It is a matter of course that a roll-on type container which is known as a liquid coating container cannot produce friction because of its structure. Another known coating container has a coating portion composed of a sponge or plastic foam which is different from an open cell foam having suitable firmness and strength, and, therefore, it cannot exhibit a temperature increasing effect.
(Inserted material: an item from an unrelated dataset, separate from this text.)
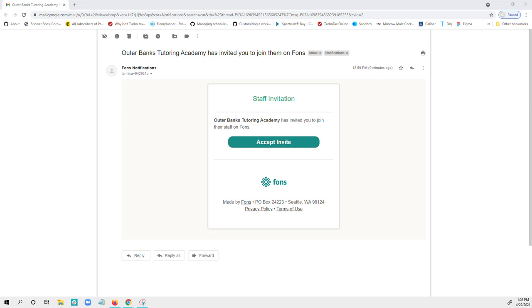Hi everyone, this is Micah from VONS. Today I'm recording a video to show you as a staff member what it looks like to join VONS from your teaching organization.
In the practice of the present invention, the enzyme-containing liquid detergent is rub-coated preferably at a rate of 20-50 cm/sec under a load of preferably 0.2-10 kg/cm2, more preferably 0.5-3 kg/cm3. An amount of the enzyme-containing liquid detergent applied is preferably 0.1-5 g/100 cm2, more preferably 0.2-2 g/100 cm2. As the preferably porous body, there are used those having such a structure that makes it possible to apply the above-mentioned amount of the liquid detergent when the present invention is practiced under the above-mentioned conditions. Those having a means pore size of 50 to 1,000 microns, preferably 300 to 700 microns are used. Further the porous body is preferably to have a flow rate of the enzyme-containing liquid detergent of 5 to 30 g/min. The flow rate means an amount per unit time (minute) of the enzyme-containing liquid detergent flowing out through the coating portion of the liquid container when the liquid container, the bottom of which has been cut off, is placed so that the coating portion thereof composed of the porous body points downward and then it is filled with the liquid detergent in an amount corresponding to 12 cm of liquid level per cm2 of the surface area of the porous body (the cross-sectional area in case that the porous body is convex shaped) at 20° C.
When the above-mentioned flow rate is too much or too little, a wide and uniform coating locus cannot be stably obtained. In case of a flow rate which is too little, the function of the coating type container cannot be fully exhibited. On the other hand, it is self-evident that too much flow rate is unpreferable in view of the friction effect and is also uneconomical.
As the raw synthetic plastics materials for the porous body, there can be used various high molecular materials, among which polypropylene, polyethylene, ethylene-vinyl acetate copolymer, acrylonitrile-styrene copolymer and acrylonitrile-butadiene-styrene copolymer are preferable because they can provide porous bodies which are not damaging to the clothes and have suitable firmness and strength for enhancing the friction effect.
According to the present invention, it is desirable that the diameter of the coating portion in the coating type container be 1 cm or more in order to enhance the friction effect. Further, it is desirable that a container part of the coating-type container be such that it can be taken in the hand. Furthermore, with respect to the shape of the coating portion, a convex shape is more preferable than a planar shape because of good workability and enhanced friction effect.
As shown in FIGS. 1-4, the coating type container used in the present invention is composed of a cap part 2 having a coating portion 1 of said porous body, and a container part 10 (shown in FIG. 2) in which the enzyme-containing liquid detergent is filled connected with a screw. More particularly the coating portion 1 is fixed by a holding means 3 at the top of the cap part 2 and the back side thereof is supported with a supporting plate 4 having a plurality of holes 4'. As shown in FIG. 2, keeping the coating face of the coating means 1 in touch with a soiled part of clothes 11, one rub-coats the soiled part with the enzyme-containing liquid detergent in the container part 10.
As the enzyme-containing liquid detergent used in the present invention there can be listed an enzyme-containing liquid detergent composition containing the following components.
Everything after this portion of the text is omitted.